Lush: un gruppo Shoegaze che forse all’epoca passò inosservato… ma spero di incuriosirvi e farvelo cercare! ?? sisisi! “Gala” é un onesto cd di Shoegaze sullo stile dei Medicine (sentite le vocals) e My Bloody Valentine (meno ruvidi, però) passando per gli immancabili Cocteau Twins nonché Slowdive (anche se i Lush aggiungono sempre un tocco di chitarra in piùrispetto agli Slowdive); anche se amate “The cure” dei Cure troverete parecchi rimandi.
Dal suono dolce e liquido, con virate di spleen malinconico (che hanno il loro picco in “Leaves me cold” piùche Dark Wave che non Shoegaze!) ed aperture ariose (“Sweetnees e Light”) contrapposte a corto circuiti di riff elettrici ( ma quanto hanno preso i primi Placebo dagli Shoegazers!); spesso l’atmosfera é tutta acustica, dai riverberi marini come “Sunbathing” o improvvise accellerazioni rock pop (“Breez”).
Le vocals seguono queste onde sonore, risultando sempre dolci e soffuse; “Deluxe” cita anche gli Smiths ma con un cantato piùdeciso, a tratti, alternato a sibili cristallini. Dopo “Leaves me cold” (fantastica e gelida!

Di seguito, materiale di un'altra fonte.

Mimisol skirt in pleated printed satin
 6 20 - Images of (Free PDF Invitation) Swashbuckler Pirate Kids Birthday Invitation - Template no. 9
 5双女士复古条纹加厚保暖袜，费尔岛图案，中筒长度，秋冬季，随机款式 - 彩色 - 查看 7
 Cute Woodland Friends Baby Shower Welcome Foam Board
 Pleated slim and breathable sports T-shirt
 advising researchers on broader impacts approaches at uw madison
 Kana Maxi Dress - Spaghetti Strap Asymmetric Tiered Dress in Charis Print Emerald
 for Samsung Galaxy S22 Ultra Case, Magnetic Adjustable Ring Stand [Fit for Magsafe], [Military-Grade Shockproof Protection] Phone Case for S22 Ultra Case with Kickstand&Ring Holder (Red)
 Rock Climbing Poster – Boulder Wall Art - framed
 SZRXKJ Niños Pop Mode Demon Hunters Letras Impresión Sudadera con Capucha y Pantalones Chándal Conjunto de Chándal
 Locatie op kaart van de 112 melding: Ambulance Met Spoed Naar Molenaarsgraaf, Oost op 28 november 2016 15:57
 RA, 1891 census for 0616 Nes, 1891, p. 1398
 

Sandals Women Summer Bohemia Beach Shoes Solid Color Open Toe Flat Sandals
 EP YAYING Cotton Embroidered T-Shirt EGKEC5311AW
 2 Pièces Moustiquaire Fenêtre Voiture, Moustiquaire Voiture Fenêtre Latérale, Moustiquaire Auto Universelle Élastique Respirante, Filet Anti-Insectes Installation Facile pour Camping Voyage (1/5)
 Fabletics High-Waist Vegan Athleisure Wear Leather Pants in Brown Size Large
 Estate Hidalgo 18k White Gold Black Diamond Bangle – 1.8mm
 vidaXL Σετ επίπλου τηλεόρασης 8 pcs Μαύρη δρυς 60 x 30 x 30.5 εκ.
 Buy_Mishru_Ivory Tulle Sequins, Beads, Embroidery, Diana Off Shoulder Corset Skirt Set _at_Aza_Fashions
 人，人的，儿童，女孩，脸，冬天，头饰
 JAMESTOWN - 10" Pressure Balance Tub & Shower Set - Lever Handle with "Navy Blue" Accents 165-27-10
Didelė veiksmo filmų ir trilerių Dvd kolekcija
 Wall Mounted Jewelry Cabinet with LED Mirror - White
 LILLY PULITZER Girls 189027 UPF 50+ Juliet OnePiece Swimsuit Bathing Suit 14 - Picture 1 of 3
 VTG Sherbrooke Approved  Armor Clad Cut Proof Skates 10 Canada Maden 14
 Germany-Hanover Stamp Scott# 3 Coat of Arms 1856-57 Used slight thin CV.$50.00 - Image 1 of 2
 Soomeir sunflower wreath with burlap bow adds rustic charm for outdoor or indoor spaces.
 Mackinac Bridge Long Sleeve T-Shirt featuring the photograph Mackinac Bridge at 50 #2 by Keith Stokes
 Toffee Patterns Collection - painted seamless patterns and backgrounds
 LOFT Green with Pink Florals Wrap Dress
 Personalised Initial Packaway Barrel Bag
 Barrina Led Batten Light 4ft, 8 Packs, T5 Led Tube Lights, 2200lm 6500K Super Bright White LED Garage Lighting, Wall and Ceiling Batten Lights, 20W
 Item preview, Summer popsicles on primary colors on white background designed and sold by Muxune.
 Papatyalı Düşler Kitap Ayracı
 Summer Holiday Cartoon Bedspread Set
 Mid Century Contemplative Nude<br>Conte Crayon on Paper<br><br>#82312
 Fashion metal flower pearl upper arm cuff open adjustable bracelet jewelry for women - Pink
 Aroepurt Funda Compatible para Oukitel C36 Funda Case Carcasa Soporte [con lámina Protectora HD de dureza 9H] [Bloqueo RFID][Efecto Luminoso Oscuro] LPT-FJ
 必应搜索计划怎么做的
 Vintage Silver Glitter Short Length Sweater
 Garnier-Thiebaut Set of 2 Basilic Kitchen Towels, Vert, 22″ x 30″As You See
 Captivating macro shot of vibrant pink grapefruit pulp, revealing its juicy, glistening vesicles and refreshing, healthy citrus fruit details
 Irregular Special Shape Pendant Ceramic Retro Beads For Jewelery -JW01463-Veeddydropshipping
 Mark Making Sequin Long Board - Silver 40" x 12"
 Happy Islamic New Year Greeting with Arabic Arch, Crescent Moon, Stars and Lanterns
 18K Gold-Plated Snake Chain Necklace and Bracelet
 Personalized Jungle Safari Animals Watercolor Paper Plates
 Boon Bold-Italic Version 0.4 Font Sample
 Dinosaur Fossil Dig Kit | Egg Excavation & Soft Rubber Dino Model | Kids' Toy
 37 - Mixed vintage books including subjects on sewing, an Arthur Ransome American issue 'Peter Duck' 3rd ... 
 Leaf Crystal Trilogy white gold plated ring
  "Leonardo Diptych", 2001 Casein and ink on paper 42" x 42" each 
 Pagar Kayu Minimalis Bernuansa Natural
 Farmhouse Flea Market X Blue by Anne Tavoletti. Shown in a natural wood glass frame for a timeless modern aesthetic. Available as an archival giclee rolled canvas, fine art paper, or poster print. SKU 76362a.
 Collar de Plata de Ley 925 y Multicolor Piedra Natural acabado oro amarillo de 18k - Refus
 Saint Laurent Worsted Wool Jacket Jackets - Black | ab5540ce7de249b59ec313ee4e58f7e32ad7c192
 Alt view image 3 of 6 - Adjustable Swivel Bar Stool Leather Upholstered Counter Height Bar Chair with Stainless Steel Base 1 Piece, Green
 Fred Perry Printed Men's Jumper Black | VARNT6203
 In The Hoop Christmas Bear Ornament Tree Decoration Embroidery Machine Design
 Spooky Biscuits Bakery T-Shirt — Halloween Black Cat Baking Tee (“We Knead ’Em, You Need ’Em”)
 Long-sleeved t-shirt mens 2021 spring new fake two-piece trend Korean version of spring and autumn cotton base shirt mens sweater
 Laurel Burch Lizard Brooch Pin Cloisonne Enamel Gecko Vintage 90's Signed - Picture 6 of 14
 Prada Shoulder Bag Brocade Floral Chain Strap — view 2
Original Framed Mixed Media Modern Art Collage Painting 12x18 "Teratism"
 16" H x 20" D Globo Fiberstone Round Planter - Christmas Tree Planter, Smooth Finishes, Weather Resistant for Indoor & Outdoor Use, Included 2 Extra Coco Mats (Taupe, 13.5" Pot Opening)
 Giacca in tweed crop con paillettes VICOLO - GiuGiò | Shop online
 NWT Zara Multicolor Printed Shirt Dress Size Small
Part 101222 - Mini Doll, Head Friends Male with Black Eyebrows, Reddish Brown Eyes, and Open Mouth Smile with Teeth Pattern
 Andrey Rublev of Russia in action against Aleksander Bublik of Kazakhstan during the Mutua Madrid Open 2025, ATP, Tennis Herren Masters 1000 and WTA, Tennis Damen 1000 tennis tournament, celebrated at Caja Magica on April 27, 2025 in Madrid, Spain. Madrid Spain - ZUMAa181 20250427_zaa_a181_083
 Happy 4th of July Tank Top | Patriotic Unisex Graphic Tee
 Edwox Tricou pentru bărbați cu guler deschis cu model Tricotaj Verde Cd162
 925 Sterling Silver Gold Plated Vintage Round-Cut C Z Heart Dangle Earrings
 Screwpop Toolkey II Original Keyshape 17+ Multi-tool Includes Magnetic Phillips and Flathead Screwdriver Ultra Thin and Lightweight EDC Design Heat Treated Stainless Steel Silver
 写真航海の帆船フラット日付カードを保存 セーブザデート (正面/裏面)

Con tanto di cori “spettrali”) i Lush stupiscono con l’inaspettata elettrizzante “Downer” (che quasi anticipa i Muse!!); “Thought forms” é puro Cocteau Twins, mentre “Baby talk” vive di bassi pulsanti e ritmici (alla Red lorry Yellow lorry di “jipp”) con riff acidi e striduli che dilaniano come scariche elettriche, per ritornare alla tranquillità “sweet milk” di “Scarlet” e a un suono simil Violent Femmes in “Bitter” e “torbido post punk” di “Second sight” (con vocals Cranes-style) e la deliziosamente pop “Hey hey Helen”. In conclusione, un cd che “scavalca” anche volentieri, la dolcezza emotiva-onirica Shoegaze a favore anche di “sfuriate” elettriche e rock. Infine concedetemi una riflessione….
Penso che tutta la scena Shoegaze visse all’ombra disperata della Dark Wave, riuscendo però a trasfigurare quel suono denso e tetro in esplosioni di luce attraverso prismi di cristallo e onde d’acqua marina…Se vi fidate di me, date un ascolto ai Lush, sono tra i miei preferiti in ambito Shoegaze!